Regresemos a la narrativa: Sin duda las espléndidas Verano (Coetzee) y El mapa y el territorio (Houllebecq) enfocan con lucidez una vida dominada por el caos y un autocomplaciente desarraigo. Pero el propio artículo de Carrión, al definir una senda nítida para el Siglo XXI, cae en la misma trampa que plantea. La vida no posee un mapa, ni un trazado, ni siquiera un territorio. No ocurre ni en los peores sueños maoistas, ni en las aldeas o en las familias. Dicho esto, resulta redundante afirmar que no todas las existencias están dominadas por la inestabilidad emocional y económica o la preocupación social y política. Un porcentaje más que estimable de las tramas vitales son previsibles desde el nacimiento a la muerte, reciben sucesivas ayudas e inconvenientes, poseen una modesta o inmensa épica y, por tanto, siguen los patrones del realismo-realismo, reivindicado por Franzen.

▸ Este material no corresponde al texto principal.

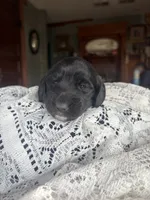 Fresca, a female Miniature Dachshund for sale in Morton, IL – 6 of 6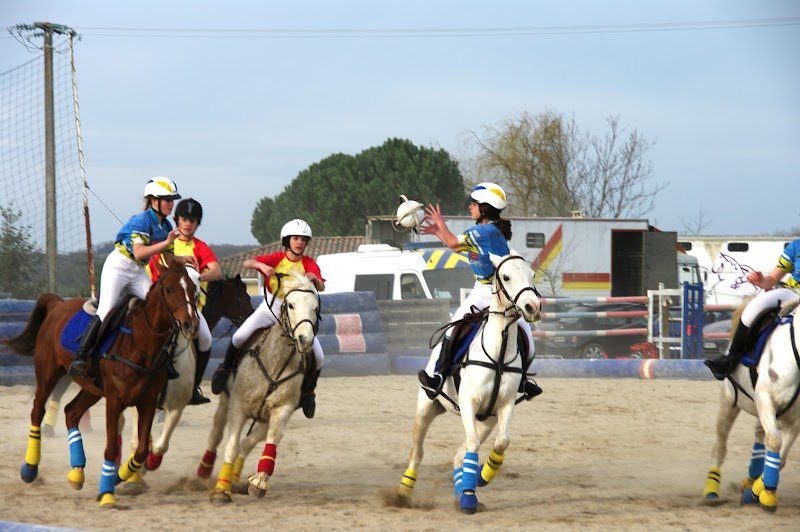 FERME EQUESTRE DU BADOUR - photo 1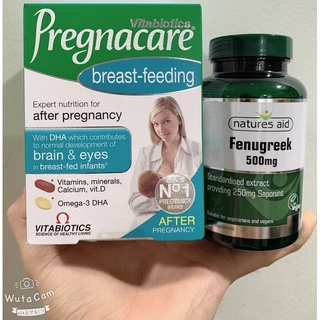 Combo lợi sữa cỏ cà ri Fenugreek và Vitamin bú Anh Pregnacare Breast-feeding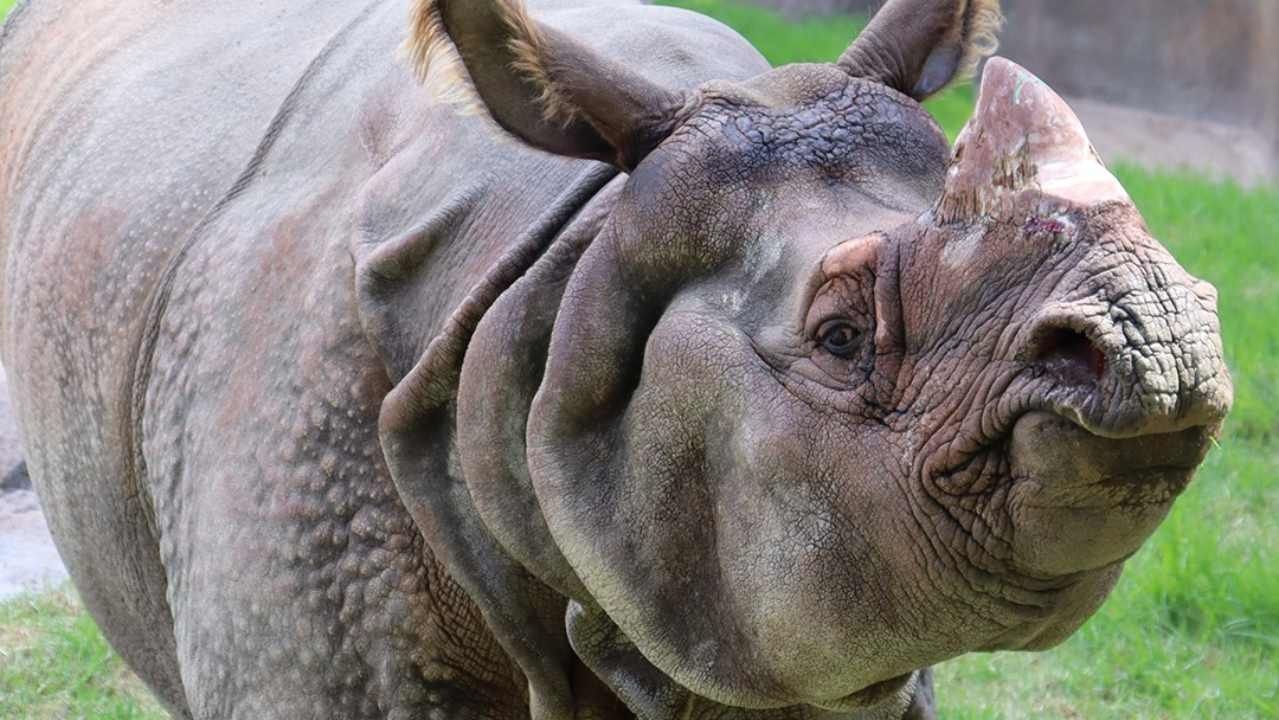 Dos Rinocerontes Indios Encuentran un Dulce Hogar en Zoo de Guadalajara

Las alabanzas desmesuradas al realismo histérico pertenecen a otra época. Pynchon, Delillo, incluso Foster Wallace son casi costumbristas, por mucho que poseyeran facultades casi paranormales para interpretar las zonas más neuróticas de nuestro mundo y una gloriosa brillantez formal (Libra, La subasta del lote 49 o La niña del pelo raro son joyas inmarcesibles). Asumirles como nigromantes, como únicos lectores del zeitgeist, implica la glorificación de la neurosis y la paranoia, de la conspiración y el caos. Si el mundo fuera como lo define DeLillo, para ingresar el López Ibor (famoso psiquiátrico madrileño) habría una lista de espera mayor que para la final de la Copa de Europa. Por suerte o desgracia, la realidad -otra vez la realidad- es más torpe, vulgar y carnal.

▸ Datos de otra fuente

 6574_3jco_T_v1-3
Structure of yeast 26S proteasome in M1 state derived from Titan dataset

Volvamos al planteamiento inicial: el único criterio que puede definir la bondad o maldad de una novela es su calidad. ¿Qué factores determinan su calidad?: El cumplimiento de las pretensiones. Rizando el rizo podría añadirse la riqueza de los personajes y su engarce con las peripecias, la pertinencia de su lenguaje, la capacidad para evidenciar aspectos de la realidad no advertidos y para modificar la percepción del lector frente a hechos o sentimientos que antes de la lectura contemplaba de manera distinta. La estructura, la linealidad, incluso la previsibilidad son simples factores adicionales. Centrarse solo en aspectos formales es interesante, estimulante, pero también radicalmente incompleto.

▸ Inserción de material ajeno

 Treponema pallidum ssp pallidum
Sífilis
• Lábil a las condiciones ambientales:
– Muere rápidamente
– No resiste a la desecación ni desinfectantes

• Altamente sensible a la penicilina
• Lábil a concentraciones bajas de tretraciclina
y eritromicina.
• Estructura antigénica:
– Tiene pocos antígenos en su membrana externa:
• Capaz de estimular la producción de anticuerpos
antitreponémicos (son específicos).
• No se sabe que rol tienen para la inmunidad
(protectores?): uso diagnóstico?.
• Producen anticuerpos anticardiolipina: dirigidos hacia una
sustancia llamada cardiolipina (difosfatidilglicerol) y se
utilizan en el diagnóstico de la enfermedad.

*La reseña de Carrión, pese a mi desacuerdo parcial, es sin duda incisiva, documentada y profesional. Sí, profesional. La chapuza y la supuesta espontaneidad está demasiado reivindicada en nuestros tiempos.
** La realidad, qué palabra más cansina, masacrada desde la insoportable caverna de Platón. No sé por qué, de repente, recuerdo una famosa frase de Goethe: “Sobre las rosas se puede filosofar, tratándose de patatas, hay que comer”.